- **ASSIGNMENT**
Your task is to reproduce exactly the lines from the one containing "425 S Huntington 6, Boston, MA 02130" through the last line below, both ends included, and nothing else, with no pictures.

(Source data)
━━━━

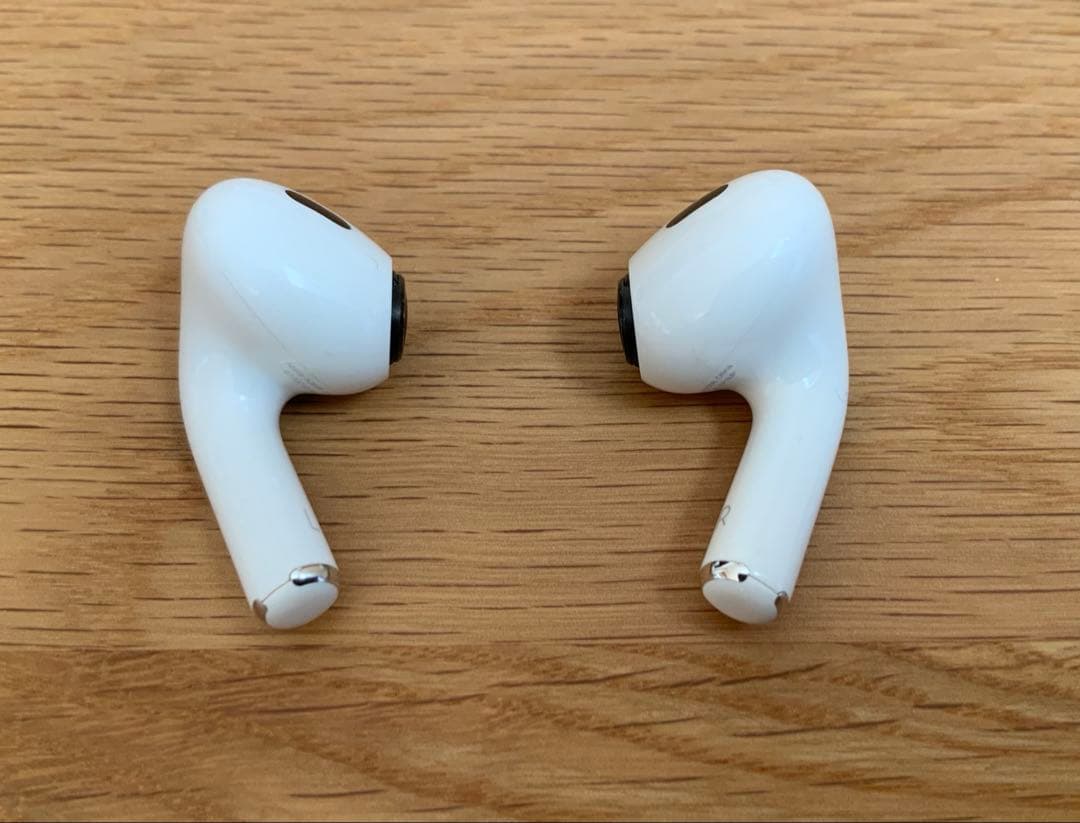 【綺麗】Apple AirPods Pro 第2世代　★イヤーチップ全て新品★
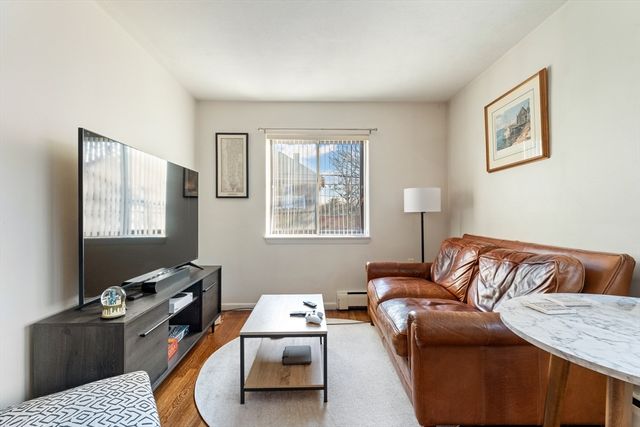 425 S Huntington 6, Boston, MA 02130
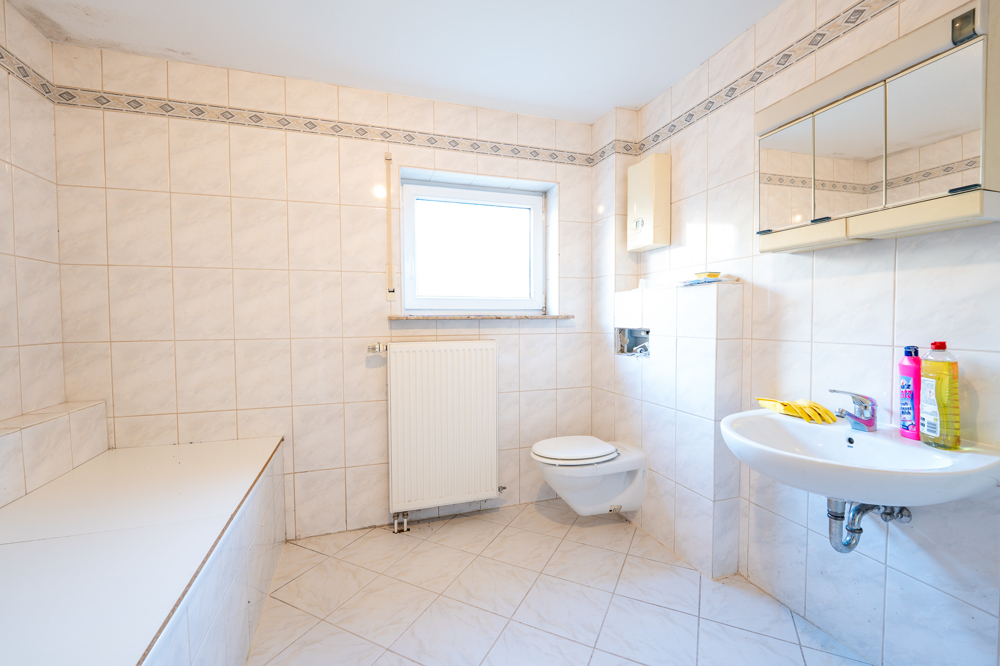 Badezimmer im Kellergeschoss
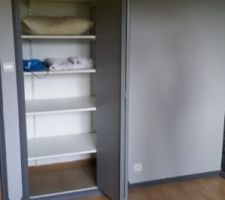 AVANT travaux : chambre garçon 1 : placard et ancienne cloison à démollir pour agrandir la pièce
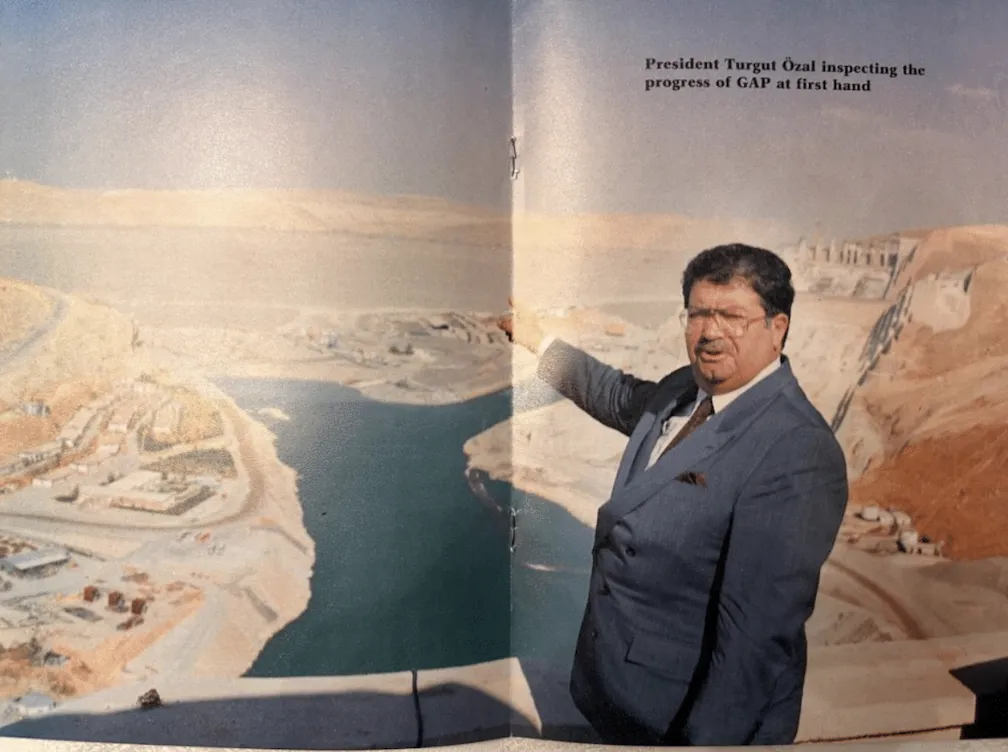 Turgut Özal Inspecting the GAP. Image from: The General Directorate of Press and Information of the Turkish Republic. “GAP - Southeast Anatolia Project.” Report. Ankara, 1988. T.C. Cumhurbaşkanlığı Devlet Arşivleri.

━━━━

- **SOLUTION FOR THIS EXERCISE**
 425 S Huntington 6, Boston, MA 02130
 Badezimmer im Kellergeschoss
 AVANT travaux : chambre garçon 1 : placard et ancienne cloison à démollir pour agrandir la pièce
 Turgut Özal Inspecting the GAP. Image from: The General Directorate of Press and Information of the Turkish Republic. “GAP - Southeast Anatolia Project.” Report. Ankara, 1988. T.C. Cumhurbaşkanlığı Devlet Arşivleri.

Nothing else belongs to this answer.